HDFS NFS Gateway

Overview

The NFS Gateway supports NFSv3 and allows HDFS to be mounted as part of the client’s local file system. Currently NFS Gateway supports and enables the following usage patterns:

  • Users can browse the HDFS file system through their local file system on NFSv3 client compatible operating systems.
  • Users can download files from the the HDFS file system on to their local file system.
  • Users can upload files from their local file system directly to the HDFS file system.
  • Users can stream data directly to HDFS through the mount point. File append is supported but random write is not supported.

The NFS gateway machine needs the same thing to run an HDFS client like Hadoop JAR files, HADOOP_CONF directory. The NFS gateway can be on the same host as DataNode, NameNode, or any HDFS client.

Configuration

The NFS-gateway uses proxy user to proxy all the users accessing the NFS mounts. In non-secure mode, the user running the gateway is the proxy user, while in secure mode the user in Kerberos keytab is the proxy user. Suppose the proxy user is ‘nfsserver’ and users belonging to the groups ‘users-group1’ and ‘users-group2’ use the NFS mounts, then in core-site.xml of the NameNode, the following two properities must be set and only NameNode needs restart after the configuration change (NOTE: replace the string ‘nfsserver’ with the proxy user name in your cluster):

<property>
  <name>hadoop.proxyuser.nfsserver.groups</name>
  <value>root,users-group1,users-group2</value>
  <description>
         The 'nfsserver' user is allowed to proxy all members of the 'users-group1' and
         'users-group2' groups. Note that in most cases you will need to include the
         group "root" because the user "root" (which usually belonges to "root" group) will
         generally be the user that initially executes the mount on the NFS client system.
         Set this to '*' to allow nfsserver user to proxy any group.
  </description>
</property>

<property>
  <name>hadoop.proxyuser.nfsserver.hosts</name>
  <value>nfs-client-host1.com</value>
  <description>
         This is the host where the nfs gateway is running. Set this to '*' to allow
         requests from any hosts to be proxied.
  </description>
</property>

The above are the only required configuration for the NFS gateway in non-secure mode. For Kerberized hadoop clusters, the following configurations need to be added to hdfs-site.xml for the gateway (NOTE: replace string “nfsserver” with the proxy user name and ensure the user contained in the keytab is also the same proxy user):

  <property>
    <name>nfs.keytab.file</name>
    <value>/etc/hadoop/conf/nfsserver.keytab</value> <!-- path to the nfs gateway keytab -->
  </property>

  <property>
    <name>nfs.kerberos.principal</name>
    <value>nfsserver/_HOST@YOUR-REALM.COM</value>
  </property>

The rest of the NFS gateway configurations are optional for both secure and non-secure mode.
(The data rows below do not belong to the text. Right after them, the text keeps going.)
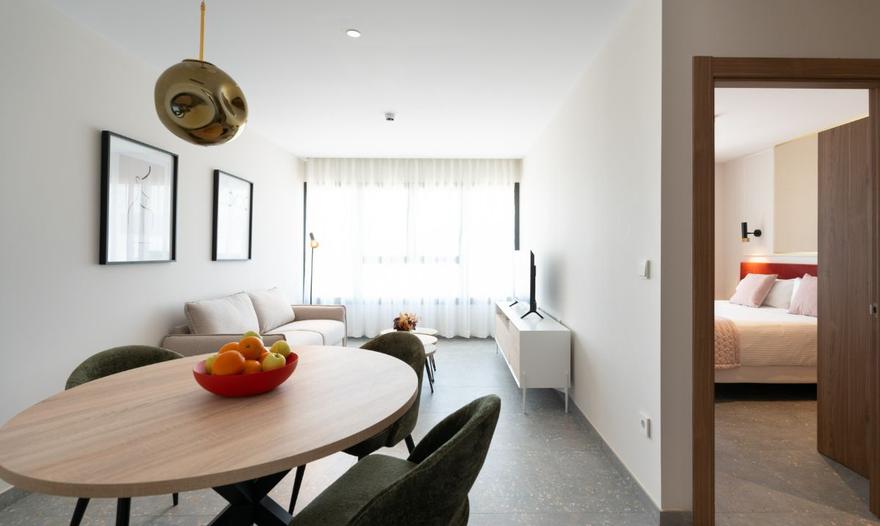 Apartamentos 2 dormitorios Hotel La Marina By SH Hoteles Ondara, Alicante Apartamentos 2 dormitorios Hotel La Marina By SH Hoteles Ondara, Alicante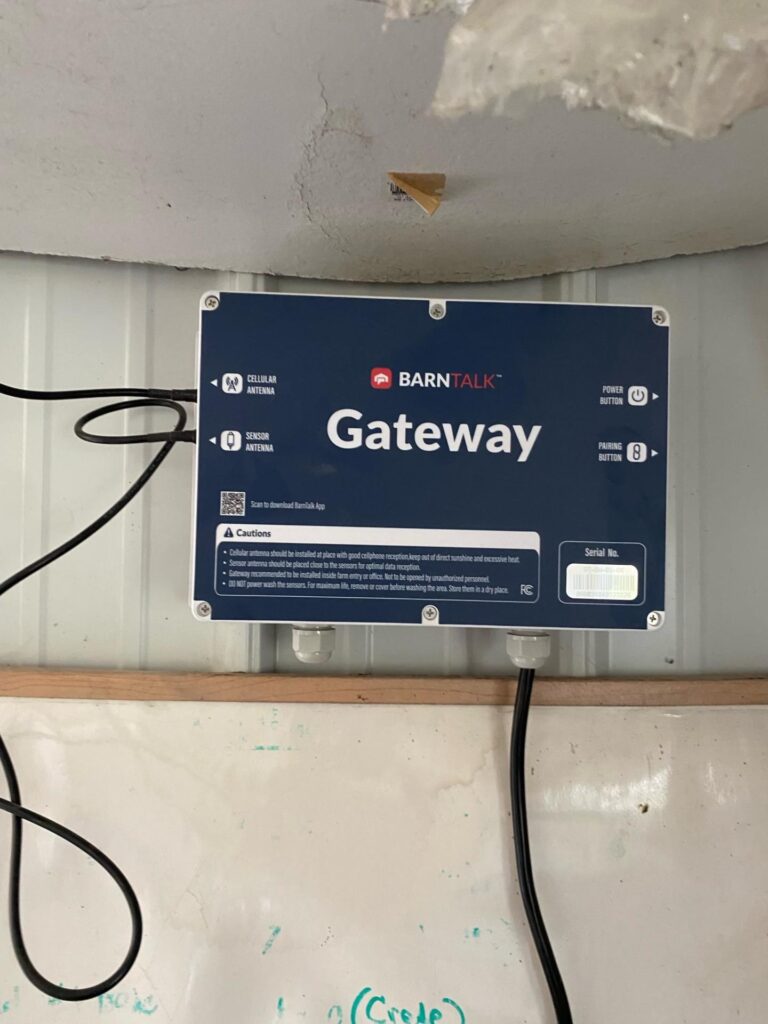 1,320 Head Finishing Site-Swine Facility-1682443005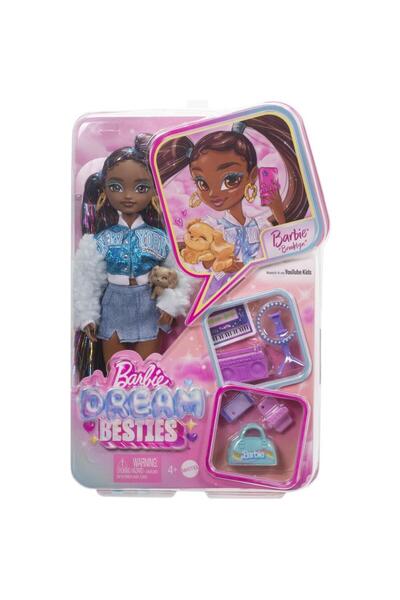 Barbie Barbie Dream Besties - Brooklyn doll, with accessories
  • The AIX NFS client has a few known issues that prevent it from working correctly by default with the HDFS NFS Gateway. If you want to be able to access the HDFS NFS Gateway from AIX, you should set the following configuration setting to enable work-arounds for these issues:

    <property>
      <name>nfs.aix.compatibility.mode.enabled</name>
      <value>true</value>
    </property>
    

    Note that regular, non-AIX clients should NOT enable AIX compatibility mode. The work-arounds implemented by AIX compatibility mode effectively disable safeguards to ensure that listing of directory contents via NFS returns consistent results, and that all data sent to the NFS server can be assured to have been committed.

  • HDFS super-user is the user with the same identity as NameNode process itself and the super-user can do anything in that permissions checks never fail for the super-user. If the following property is configured, the superuser on NFS client can access any file on HDFS. By default, the super user is not configured in the gateway. Note that, even the the superuser is configured, “nfs.exports.allowed.hosts” still takes effect. For example, the superuser will not have write access to HDFS files through the gateway if the NFS client host is not allowed to have write access in “nfs.exports.allowed.hosts”.

    <property>
      <name>nfs.superuser</name>
      <value>the_name_of_hdfs_superuser</value>
    </property>
    

It’s strongly recommended for the users to update a few configuration properties based on their use cases. All the following configuration properties can be added or updated in hdfs-site.xml.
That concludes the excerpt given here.